Spanish companies trading with the UK face a constant exercise in prevention and damage reduction. While some companies have managed to adapt, many are forced to deal with bureaucracy and constant changes in regulations.

An example of this is Spanish Ham Master, a company dedicated to the import and sale of acorn-fed Iberian ham. Despite its success, José Sol, owner of the company, has had to hire a manager to deal with the new documentation required as of 2024.

This situation is common for many Spanish companies trading with the UK.

Sanitary and phytosanitary controls

From January 31 next year, sanitary and phytosanitary controls on agricultural and livestock products traveling between the UK and the EU will come into force. These controls have been delayed several times due to fears that they will cause chaos for importers and further increase commodity prices.

Health certificates for medium-risk animal and plant products from the EU will be introduced from that date. However, physical and identity checks, together with the application for the mandatory documents, will not be carried out until April 30 next year.

Finally, on October 31, 2025, all security declarations imposed by the Brexit Trade Agreement will be reclaimed.

Onerous changes

In addition to sanitary and phytosanitary controls, British companies face other changes that entail higher costs. For example, the European Union has begun to implement the Border Carbon Adjustment Mechanism, which requires British exporting companies to report on the greenhouse gas emissions embodied in the production of their products.

From January 2026, new taxes will also be implemented. These changes, coupled with the lack of knowledge about the new EU VAT rules, represent an additional challenge for Spanish and British companies.

The impact of Brexit on trade

A survey conducted by the British Chambers of Commerce reveals that 60% of the companies consulted consider trade with the European Union to be more complicated compared to the previous year. In addition, half of the companies do not agree with the idea that the UK’s exit from the EU would help increase sales.

According to the report by economist Jun Du for Aston Business School cited in the British Chambers of Commerce study, the UK has experienced a significant contraction in its trade capacity since the Brexit trade deal came into effect, with an estimated loss of 20% to 42% of exported varieties in the first fifteen months.

Future prospects

The trade agreement signed between the United Kingdom and the European Union provides for a review of its clauses from 2025. The leader of the Labour opposition, Keir Starmer, has promised a renegotiation with the EU if he becomes a government.

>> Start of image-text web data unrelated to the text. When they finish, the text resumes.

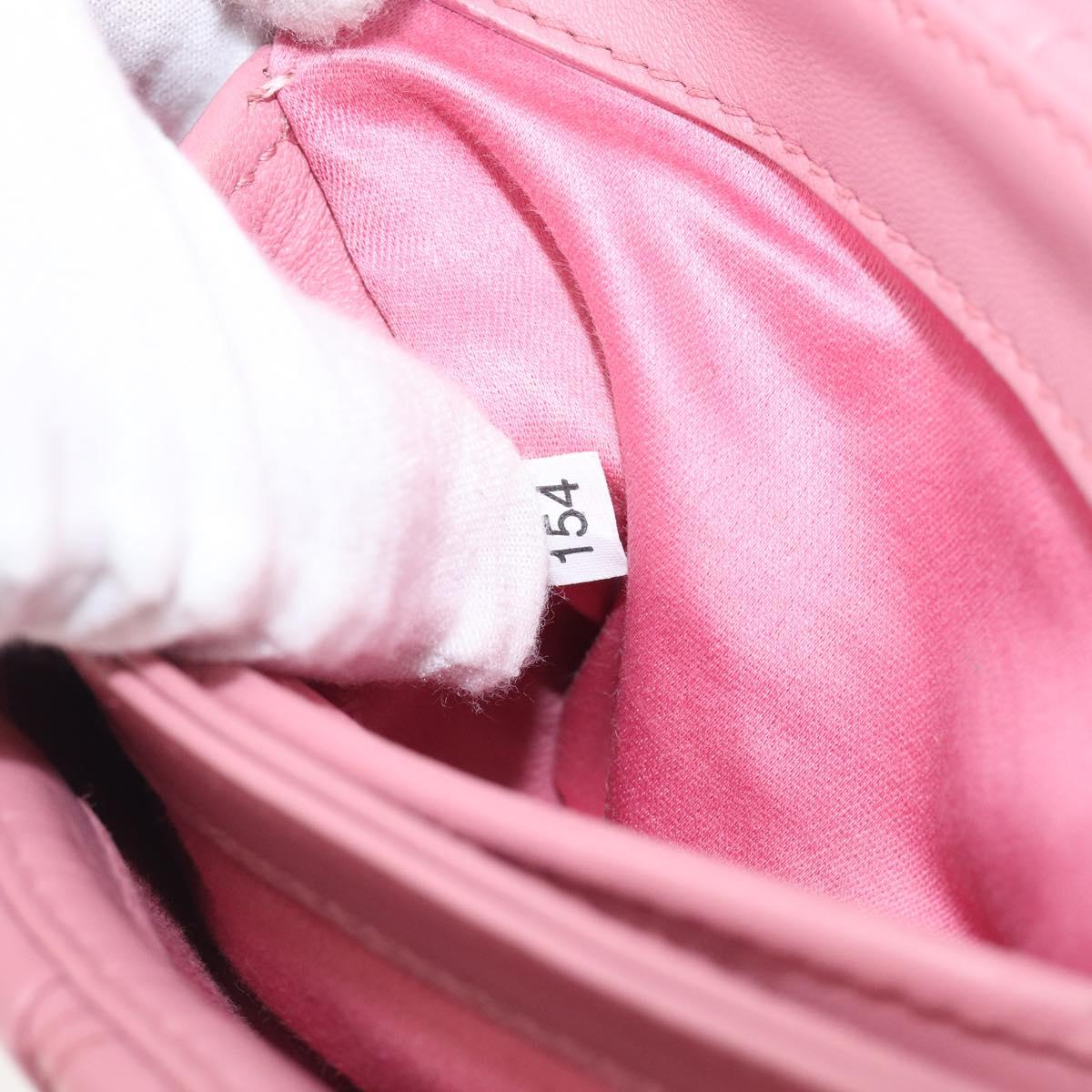 Miu Miu Matelasse Chain Shoulder Bag Harako Leather Pink Silver Auth 200288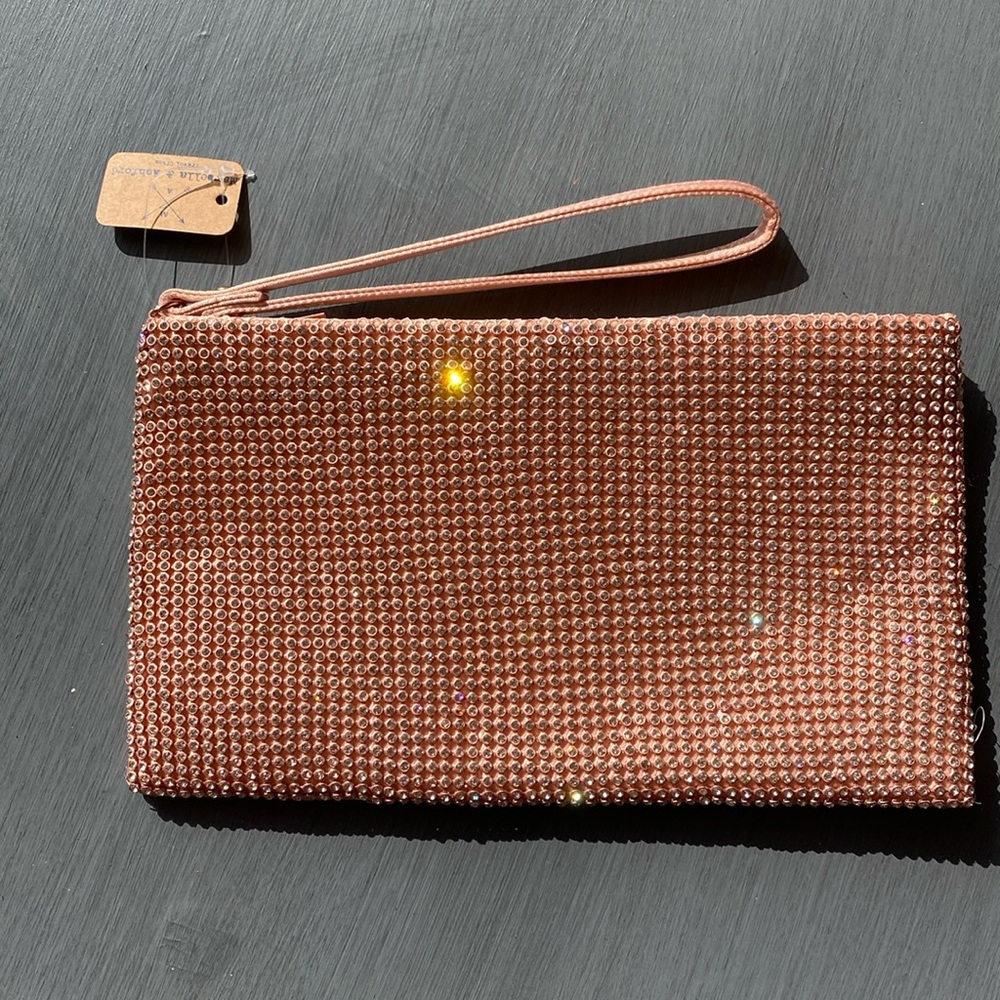 Marbella & Ashford Blinged Out Fabric Wristlet Make Up Bag 8.5 x 5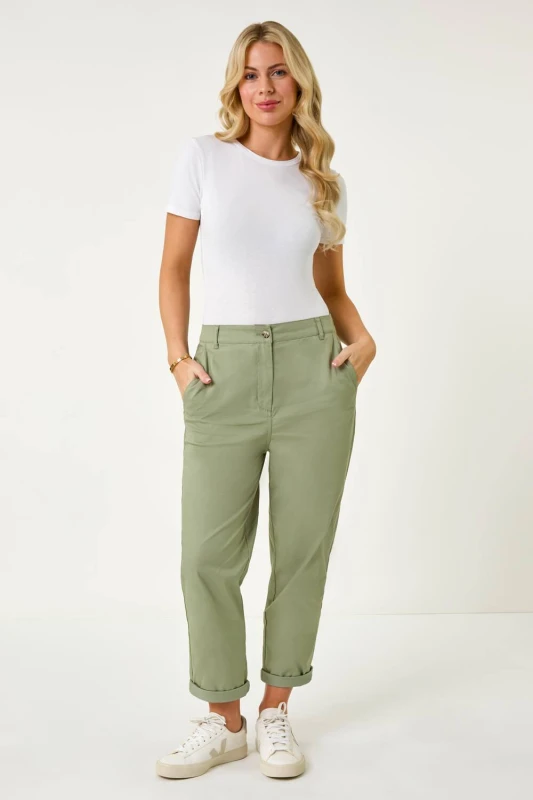 Image of Roman Womens Petite Cotton Blend Stretch Chino Trousers in Khaki Size: 16 Khaki Female 16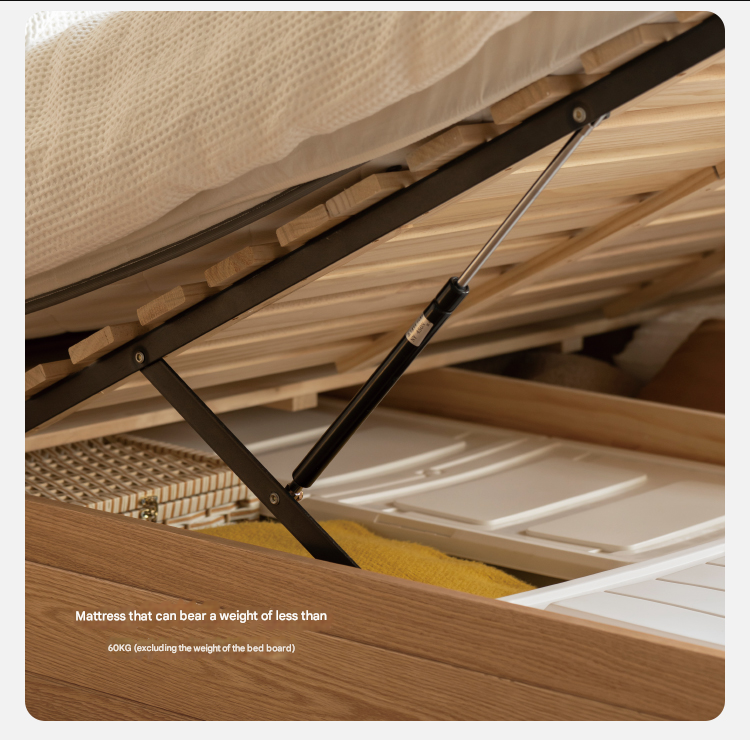 Oak Solid Wood Fabric Box Bed Cream Style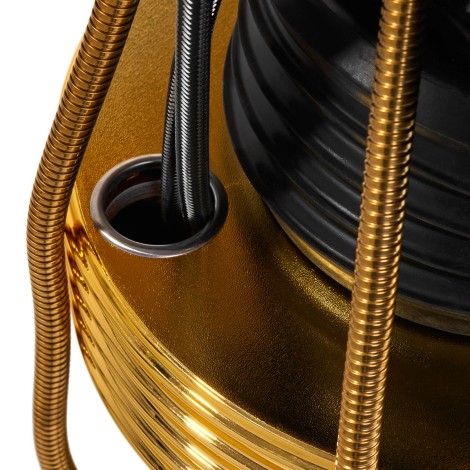 Gabbiano barber wash unit Marcus gold black — close-up of the cable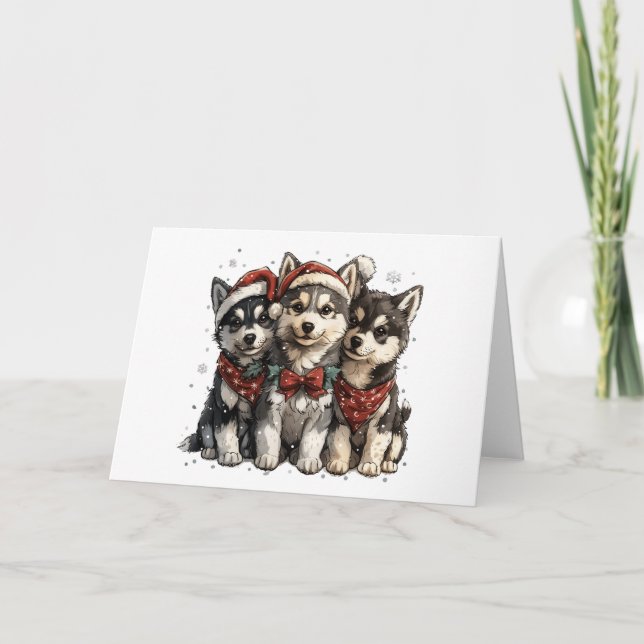 Christmas Husky Hogs Feiertagskarte (Vorderseite)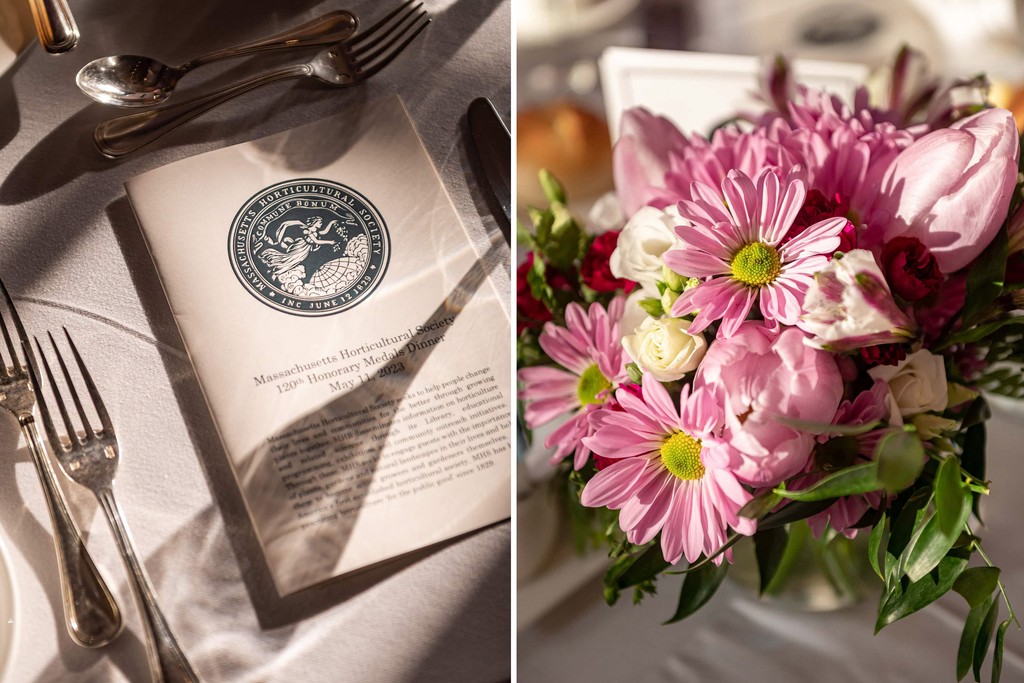 Dinner table detail shot at Boston corporate event
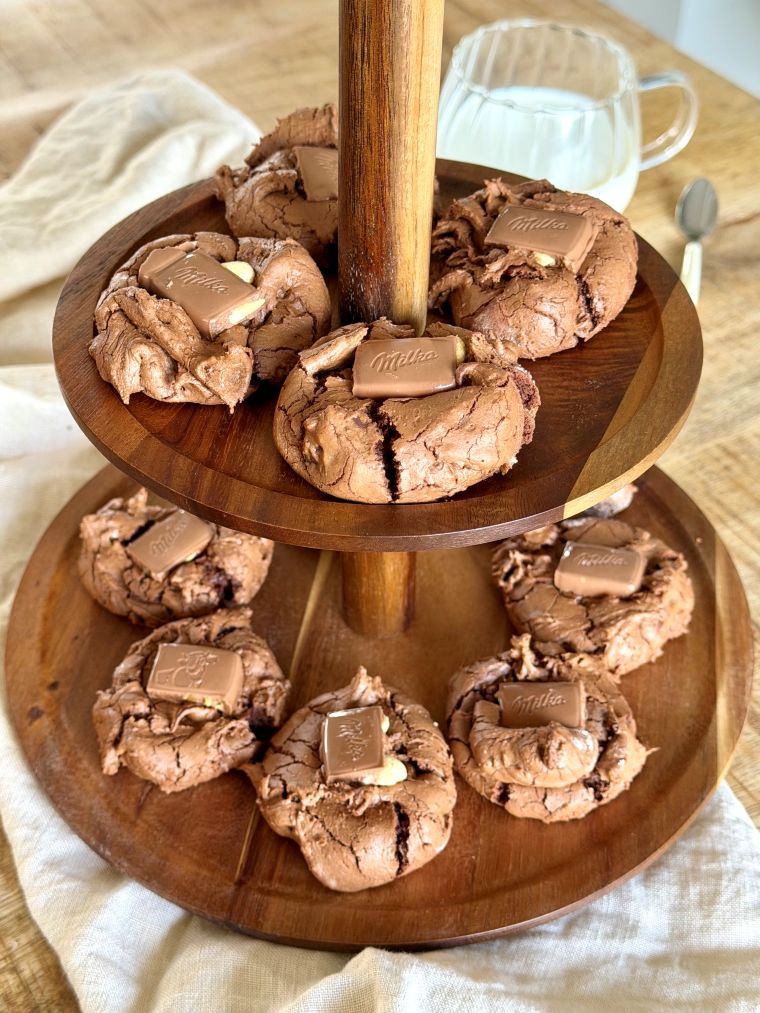 Outrageous cookies, cookies chocolat coeur fondant avec un carré de chocolat Milka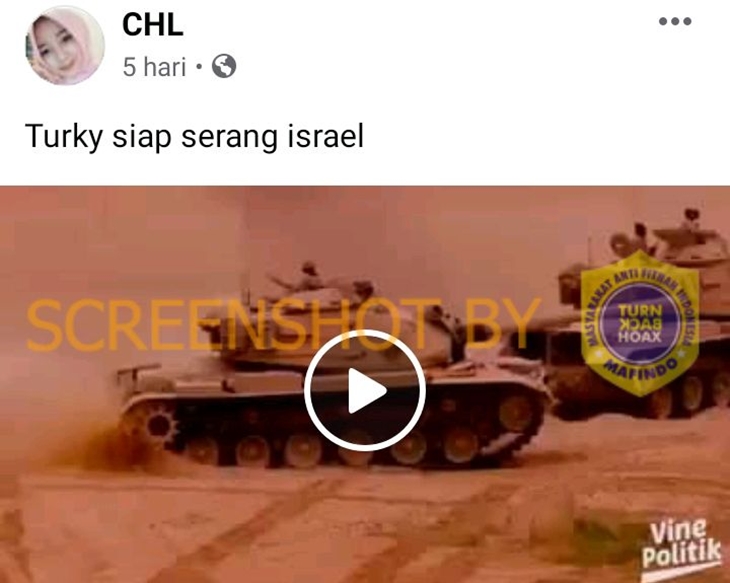 Tangkapan layar media sosial soal hoaks pasukan Turki siap serang Israel. (Foto: MP/Turnbackhoax.id)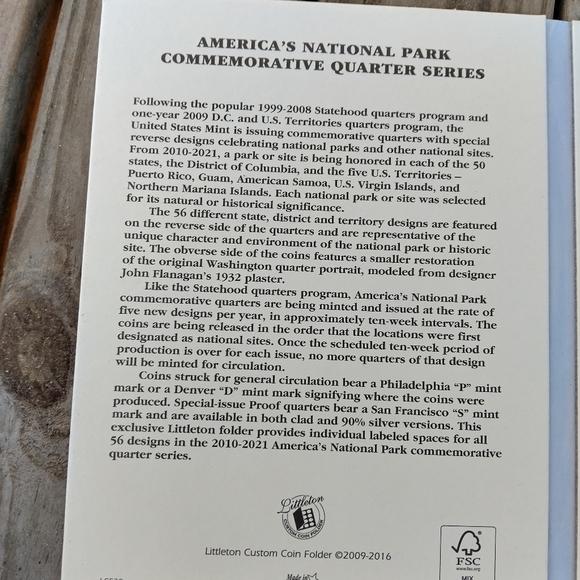 Littleton America's National Park Commemorative Quarters 2010-2021 Coin Book - Picture 2 of 7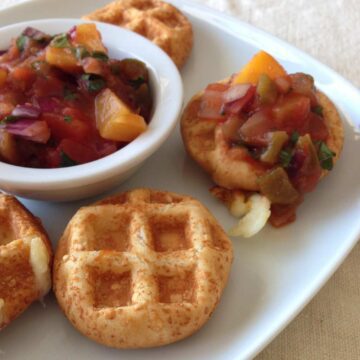 Mozzarella Waffle Bites with mango salsa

However, the EU institutions have made it clear that they are not keen to reopen the treaty. While the European continent has already turned the page on Brexit, uncertainty persists in the UK.

Conclusions

Brexit continues to be a source of uncertainty in the UK. Spanish companies trading with the country face constant challenges and onerous changes. Sanitary and phytosanitary controls, as well as new taxes and regulations, represent an obstacle to trade between the United Kingdom and the European Union.

Despite this, companies must adapt and find ways to minimize the impact of these changes. The future of Brexit remains uncertain, but companies must remain flexible and look for solutions to maintain a strong trading relationship between the two blocs.